There has been a recent spurt of writing nonetheless which seeks to do away the binaries that the last argument posits. Instead, it argues for something else. It locates the various practices of knowledge systems and subjectivities as pre-modern. In other words, it relegates those means and methods of study that contributed to a system of knowledge that existed before the advent of colonialism to a realm called the pre-modern. The pre-modern then is everything that existed before the colonials arrived: the way of life, the way of thought, the way of being itself, etc. Modernity or the modern, on the other hand, began for these cultural historians with the onslaught of colonialism.
When the colonials arrived, everything changed. Old knowledge systems were destroyed and new ones created, often with blatant racist overtones. The mastery or control of the subjugated with respect to power was total. To explain this, one need only consider the way the language changed. Not only was English as a tongue introduced but what were otherwise varied and local variations of the same language pinned down and cemented into a strict form. English words were introduced into local tongues, highlighting a change not just in the way of speaking but also in thought. What can’t be said, can’t be thought. If there was no previous existing word for a thing, it meant that that particular word or concept itself had not existed in the culture. Newer words in the same tongue or borrowed from foreign tongues had to be used.
A result of this was that subjectivity itself changed. People consciousness, in a manner of speaking, began to change. Mastery or domination then according to this claim was total. Not only were older ways of life taken away and newer more “modern” ones introduced due to colonialism, but the very fabric of being changed.

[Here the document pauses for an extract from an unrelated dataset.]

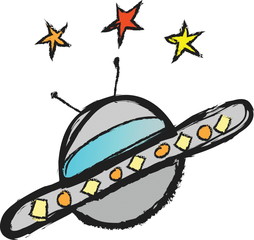 doodle space flying saucer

So response to the colonial powers could only be through the tools accorded to them through that process of change. If modernity was the spirit of the age, people’s response, their questioning of the modern power could also only be modern. The mastery was such that any form of acceptance or rejection of colonial rule could only be through colonial means and methods.
Uncritical acceptance of the same required imbibing and letting oneself be brainwashed to passively accept a new form of dominance. Partial rejection too was only possible using the means and the tools provided by the coloniser. Outright rejection according to this argument was not possible. The mastery was complete.